We have nginx as a reverse proxy, load balancing across 2 application servers. These application servers were defined in upstream blocks like so:
upstream app_backends {
server 1.1.1.1:8080 max_fails=1 fail_timeout=120s;
server 1.1.1.2:8080 max_fails=1 fail_timeout=120s;
}
We had a significant outage where a client was sending a request with a large cookie header, which the uwsgi application choked on and closed the connection early. This resulted in nginx marking a failure on that backend, and then immediately sending the request to the second backend which would choke in exactly the same way. Then nginx would mark both backends down and only respond to requests from all clients with 502s for the next two minutes.
Once we understood the problem we easily fixed it by setting max_fails=0. This resulted in the client in question, with the large cookie header, getting 502s, but all other clients could continue to use the application without issue. But of course this means nginx isn't offering any protection against failures in our backends.

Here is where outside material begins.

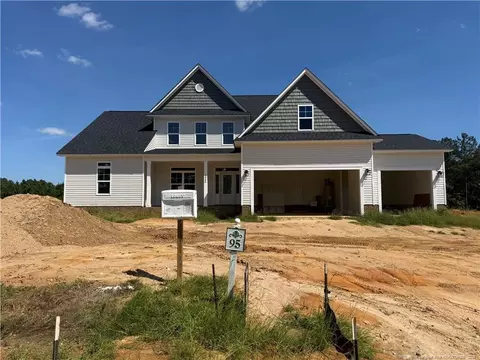1955 Thomas Wood Dr, Fayetteville, NC 28306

We actually have this same configuration across a number of different applications, and I'm trying to understand what is the safest general configuration for our setup.
The default values in nginx for these two settings are max_fails=1 and fail_timeout=10. Our problem was obviously exacerbated by the fact that we had fail_timeout=120s, but even if it had been 10s, this still would have resulted in our application being taken down completely for 10 seconds at a time whenever this particular client with a large cookie header made a request.

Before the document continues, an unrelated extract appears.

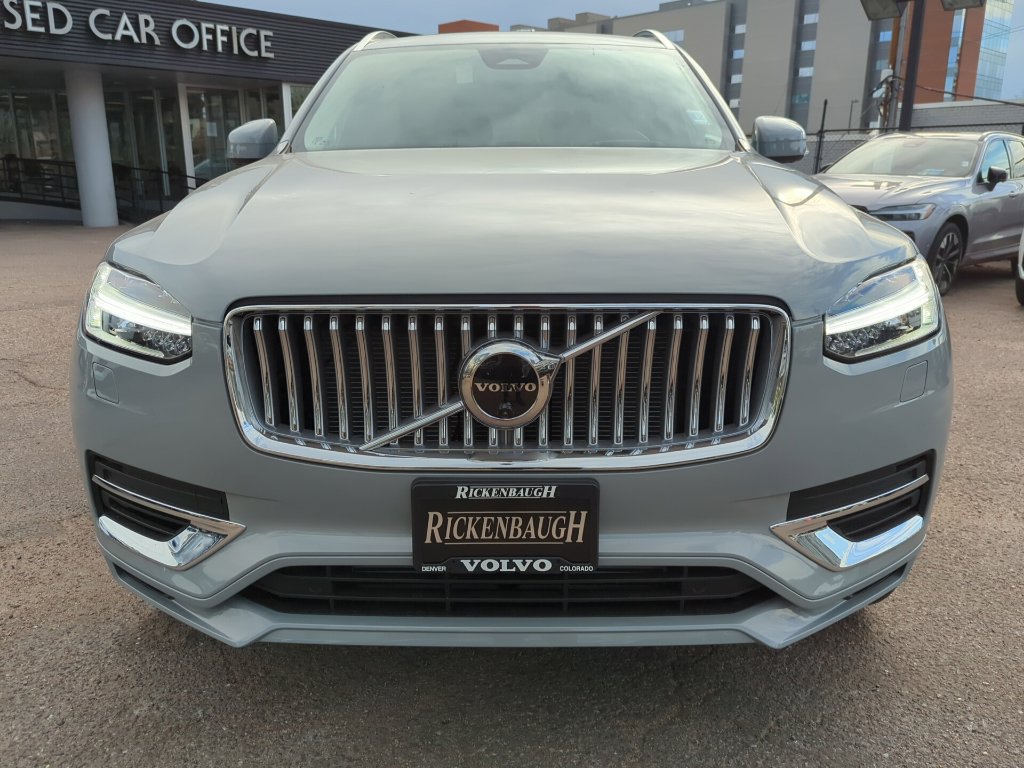 Used 2024 Volvo XC90 T8 Ultimate AWD/4WD image 2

It seems like a bad pattern in general that a single fault in response to a request, which may be a special case request like ours was, leads to a whole backend being taken offline? Especially where we have no idea if the same error will apply to all backends equally, as it did in this case?
What I'm asking is: Would it be generally a safer configuration for our setup to use max_fails=0 for all our apps rather than to use the actual nginx default of max_fails=1 fail_timeout=10s? And if so, is this potentially an argument for nginx to change its default?